[RECORDS SHOWN]:
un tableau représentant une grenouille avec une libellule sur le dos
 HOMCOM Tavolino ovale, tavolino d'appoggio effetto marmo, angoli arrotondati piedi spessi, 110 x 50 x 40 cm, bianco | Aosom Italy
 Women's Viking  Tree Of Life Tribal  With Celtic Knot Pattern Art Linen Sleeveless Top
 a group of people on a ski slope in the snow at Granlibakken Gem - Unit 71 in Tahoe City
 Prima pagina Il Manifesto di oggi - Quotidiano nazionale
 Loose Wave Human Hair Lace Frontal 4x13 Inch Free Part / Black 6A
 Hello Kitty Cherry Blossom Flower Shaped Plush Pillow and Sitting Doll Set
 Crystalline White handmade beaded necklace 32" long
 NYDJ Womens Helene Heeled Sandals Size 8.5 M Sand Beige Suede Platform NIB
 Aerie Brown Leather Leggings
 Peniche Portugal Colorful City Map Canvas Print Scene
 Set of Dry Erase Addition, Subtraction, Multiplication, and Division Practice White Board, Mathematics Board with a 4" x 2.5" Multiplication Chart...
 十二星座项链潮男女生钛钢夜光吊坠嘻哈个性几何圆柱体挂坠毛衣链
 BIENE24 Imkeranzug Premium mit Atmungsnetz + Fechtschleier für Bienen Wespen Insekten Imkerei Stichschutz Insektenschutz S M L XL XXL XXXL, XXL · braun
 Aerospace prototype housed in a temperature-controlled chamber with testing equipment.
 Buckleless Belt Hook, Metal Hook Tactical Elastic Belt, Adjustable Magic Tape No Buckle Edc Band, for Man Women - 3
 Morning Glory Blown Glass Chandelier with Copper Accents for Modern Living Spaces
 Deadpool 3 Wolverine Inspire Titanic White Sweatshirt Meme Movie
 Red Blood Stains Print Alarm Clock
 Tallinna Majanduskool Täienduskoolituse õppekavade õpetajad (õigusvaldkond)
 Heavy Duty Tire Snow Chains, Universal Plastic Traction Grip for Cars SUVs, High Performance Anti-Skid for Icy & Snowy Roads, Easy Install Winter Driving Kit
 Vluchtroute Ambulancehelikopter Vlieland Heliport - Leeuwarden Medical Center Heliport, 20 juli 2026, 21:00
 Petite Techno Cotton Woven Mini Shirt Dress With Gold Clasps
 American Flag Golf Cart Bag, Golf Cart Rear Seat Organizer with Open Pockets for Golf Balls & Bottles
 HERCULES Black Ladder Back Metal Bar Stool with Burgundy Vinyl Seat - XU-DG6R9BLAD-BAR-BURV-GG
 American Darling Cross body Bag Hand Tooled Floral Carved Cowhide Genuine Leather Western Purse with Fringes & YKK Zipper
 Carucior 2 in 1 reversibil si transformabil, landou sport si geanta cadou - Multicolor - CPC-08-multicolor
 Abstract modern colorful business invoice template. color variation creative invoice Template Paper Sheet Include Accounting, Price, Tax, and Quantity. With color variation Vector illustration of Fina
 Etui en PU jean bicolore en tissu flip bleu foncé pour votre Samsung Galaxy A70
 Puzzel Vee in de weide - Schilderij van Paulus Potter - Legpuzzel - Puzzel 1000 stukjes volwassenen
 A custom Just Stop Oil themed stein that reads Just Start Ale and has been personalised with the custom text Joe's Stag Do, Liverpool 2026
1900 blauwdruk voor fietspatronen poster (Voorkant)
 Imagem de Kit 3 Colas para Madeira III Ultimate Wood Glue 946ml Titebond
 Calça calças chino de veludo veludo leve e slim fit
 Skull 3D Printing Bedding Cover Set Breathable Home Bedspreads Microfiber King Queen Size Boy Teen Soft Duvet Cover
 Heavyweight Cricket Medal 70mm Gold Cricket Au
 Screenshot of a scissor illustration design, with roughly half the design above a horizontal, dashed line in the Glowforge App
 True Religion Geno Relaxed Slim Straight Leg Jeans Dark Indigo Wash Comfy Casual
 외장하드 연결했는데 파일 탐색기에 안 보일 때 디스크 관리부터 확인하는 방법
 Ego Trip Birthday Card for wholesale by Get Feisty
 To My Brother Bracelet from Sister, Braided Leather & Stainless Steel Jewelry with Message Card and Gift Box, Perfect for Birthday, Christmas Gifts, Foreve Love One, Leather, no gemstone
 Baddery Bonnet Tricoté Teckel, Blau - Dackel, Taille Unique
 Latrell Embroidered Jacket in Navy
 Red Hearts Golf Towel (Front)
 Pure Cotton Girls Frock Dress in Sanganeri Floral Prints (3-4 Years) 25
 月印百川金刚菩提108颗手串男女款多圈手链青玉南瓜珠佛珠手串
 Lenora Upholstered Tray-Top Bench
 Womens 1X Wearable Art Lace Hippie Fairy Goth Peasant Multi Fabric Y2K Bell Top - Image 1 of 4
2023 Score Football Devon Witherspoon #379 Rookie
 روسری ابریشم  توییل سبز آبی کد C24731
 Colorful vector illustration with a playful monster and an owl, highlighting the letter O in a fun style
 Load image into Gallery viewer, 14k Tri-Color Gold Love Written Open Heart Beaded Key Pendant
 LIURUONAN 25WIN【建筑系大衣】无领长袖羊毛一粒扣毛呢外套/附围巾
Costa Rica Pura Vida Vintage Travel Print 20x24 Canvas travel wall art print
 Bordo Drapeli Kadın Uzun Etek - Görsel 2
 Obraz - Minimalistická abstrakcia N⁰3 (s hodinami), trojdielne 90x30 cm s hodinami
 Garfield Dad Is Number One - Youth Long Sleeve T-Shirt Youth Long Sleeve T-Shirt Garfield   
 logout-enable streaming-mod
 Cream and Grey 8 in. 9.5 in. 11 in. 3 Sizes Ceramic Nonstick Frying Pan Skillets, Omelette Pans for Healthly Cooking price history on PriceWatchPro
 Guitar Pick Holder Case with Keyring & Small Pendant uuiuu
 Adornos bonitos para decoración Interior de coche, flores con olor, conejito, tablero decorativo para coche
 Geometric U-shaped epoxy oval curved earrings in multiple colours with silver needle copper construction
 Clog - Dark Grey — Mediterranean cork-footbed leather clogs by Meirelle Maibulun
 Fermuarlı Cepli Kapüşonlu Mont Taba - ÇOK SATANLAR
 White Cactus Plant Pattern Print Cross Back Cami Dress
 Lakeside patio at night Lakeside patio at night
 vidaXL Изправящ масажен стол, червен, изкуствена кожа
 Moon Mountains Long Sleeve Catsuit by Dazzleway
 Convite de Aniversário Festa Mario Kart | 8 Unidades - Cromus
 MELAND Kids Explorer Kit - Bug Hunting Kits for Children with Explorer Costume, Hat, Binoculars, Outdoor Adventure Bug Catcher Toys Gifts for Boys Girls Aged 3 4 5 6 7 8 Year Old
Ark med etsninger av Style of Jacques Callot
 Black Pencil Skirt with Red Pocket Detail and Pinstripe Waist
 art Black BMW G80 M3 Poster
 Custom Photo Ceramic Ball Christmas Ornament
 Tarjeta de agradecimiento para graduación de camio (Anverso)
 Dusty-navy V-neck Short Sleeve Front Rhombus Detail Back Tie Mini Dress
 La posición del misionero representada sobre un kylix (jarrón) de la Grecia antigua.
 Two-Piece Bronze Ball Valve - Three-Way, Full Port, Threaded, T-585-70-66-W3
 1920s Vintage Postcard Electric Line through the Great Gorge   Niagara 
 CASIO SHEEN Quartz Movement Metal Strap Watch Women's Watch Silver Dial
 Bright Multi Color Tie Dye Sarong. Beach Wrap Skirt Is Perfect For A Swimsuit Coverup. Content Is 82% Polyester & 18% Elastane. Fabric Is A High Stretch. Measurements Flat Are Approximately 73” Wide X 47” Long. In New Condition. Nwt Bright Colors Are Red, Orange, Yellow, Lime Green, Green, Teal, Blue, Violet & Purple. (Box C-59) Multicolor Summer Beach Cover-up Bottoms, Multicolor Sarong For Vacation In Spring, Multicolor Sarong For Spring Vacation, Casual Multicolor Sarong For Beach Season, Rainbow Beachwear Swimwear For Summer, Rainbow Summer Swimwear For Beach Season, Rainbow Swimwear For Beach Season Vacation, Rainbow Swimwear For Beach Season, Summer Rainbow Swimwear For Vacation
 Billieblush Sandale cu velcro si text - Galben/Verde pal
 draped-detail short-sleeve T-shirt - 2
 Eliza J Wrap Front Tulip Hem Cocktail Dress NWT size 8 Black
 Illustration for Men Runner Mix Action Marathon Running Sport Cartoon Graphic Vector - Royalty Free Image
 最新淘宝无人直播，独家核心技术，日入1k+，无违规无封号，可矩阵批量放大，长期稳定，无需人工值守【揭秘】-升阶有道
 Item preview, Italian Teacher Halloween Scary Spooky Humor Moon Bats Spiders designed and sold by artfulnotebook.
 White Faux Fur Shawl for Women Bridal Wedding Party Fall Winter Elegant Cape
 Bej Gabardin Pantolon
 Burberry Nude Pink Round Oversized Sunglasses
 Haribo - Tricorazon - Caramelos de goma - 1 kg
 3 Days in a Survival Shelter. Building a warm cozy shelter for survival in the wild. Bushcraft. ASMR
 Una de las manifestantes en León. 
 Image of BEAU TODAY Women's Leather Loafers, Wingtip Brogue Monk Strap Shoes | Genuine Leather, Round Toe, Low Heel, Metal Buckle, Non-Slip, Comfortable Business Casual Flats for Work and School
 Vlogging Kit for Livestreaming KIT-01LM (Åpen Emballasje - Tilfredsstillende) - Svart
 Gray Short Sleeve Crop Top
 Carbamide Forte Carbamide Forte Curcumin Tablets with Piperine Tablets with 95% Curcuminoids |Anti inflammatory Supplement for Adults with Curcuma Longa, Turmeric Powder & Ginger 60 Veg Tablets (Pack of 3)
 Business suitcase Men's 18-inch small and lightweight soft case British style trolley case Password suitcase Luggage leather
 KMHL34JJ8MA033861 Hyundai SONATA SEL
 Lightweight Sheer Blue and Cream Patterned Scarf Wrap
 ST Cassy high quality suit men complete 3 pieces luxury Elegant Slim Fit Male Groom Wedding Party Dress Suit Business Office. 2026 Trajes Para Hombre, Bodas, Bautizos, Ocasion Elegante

[TRY IT]:
Include the first line, the line containing "Tallinna Majanduskool Täienduskoolituse", and every line between them, copied exactly from the material above; output no other line.

[OUTPUT]:
un tableau représentant une grenouille avec une libellule sur le dos
 HOMCOM Tavolino ovale, tavolino d'appoggio effetto marmo, angoli arrotondati piedi spessi, 110 x 50 x 40 cm, bianco | Aosom Italy
 Women's Viking  Tree Of Life Tribal  With Celtic Knot Pattern Art Linen Sleeveless Top
 a group of people on a ski slope in the snow at Granlibakken Gem - Unit 71 in Tahoe City
 Prima pagina Il Manifesto di oggi - Quotidiano nazionale
 Loose Wave Human Hair Lace Frontal 4x13 Inch Free Part / Black 6A
 Hello Kitty Cherry Blossom Flower Shaped Plush Pillow and Sitting Doll Set
 Crystalline White handmade beaded necklace 32" long
 NYDJ Womens Helene Heeled Sandals Size 8.5 M Sand Beige Suede Platform NIB
 Aerie Brown Leather Leggings
 Peniche Portugal Colorful City Map Canvas Print Scene
 Set of Dry Erase Addition, Subtraction, Multiplication, and Division Practice White Board, Mathematics Board with a 4" x 2.5" Multiplication Chart...
 十二星座项链潮男女生钛钢夜光吊坠嘻哈个性几何圆柱体挂坠毛衣链
 BIENE24 Imkeranzug Premium mit Atmungsnetz + Fechtschleier für Bienen Wespen Insekten Imkerei Stichschutz Insektenschutz S M L XL XXL XXXL, XXL · braun
 Aerospace prototype housed in a temperature-controlled chamber with testing equipment.
 Buckleless Belt Hook, Metal Hook Tactical Elastic Belt, Adjustable Magic Tape No Buckle Edc Band, for Man Women - 3
 Morning Glory Blown Glass Chandelier with Copper Accents for Modern Living Spaces
 Deadpool 3 Wolverine Inspire Titanic White Sweatshirt Meme Movie
 Red Blood Stains Print Alarm Clock
 Tallinna Majanduskool Täienduskoolituse õppekavade õpetajad (õigusvaldkond)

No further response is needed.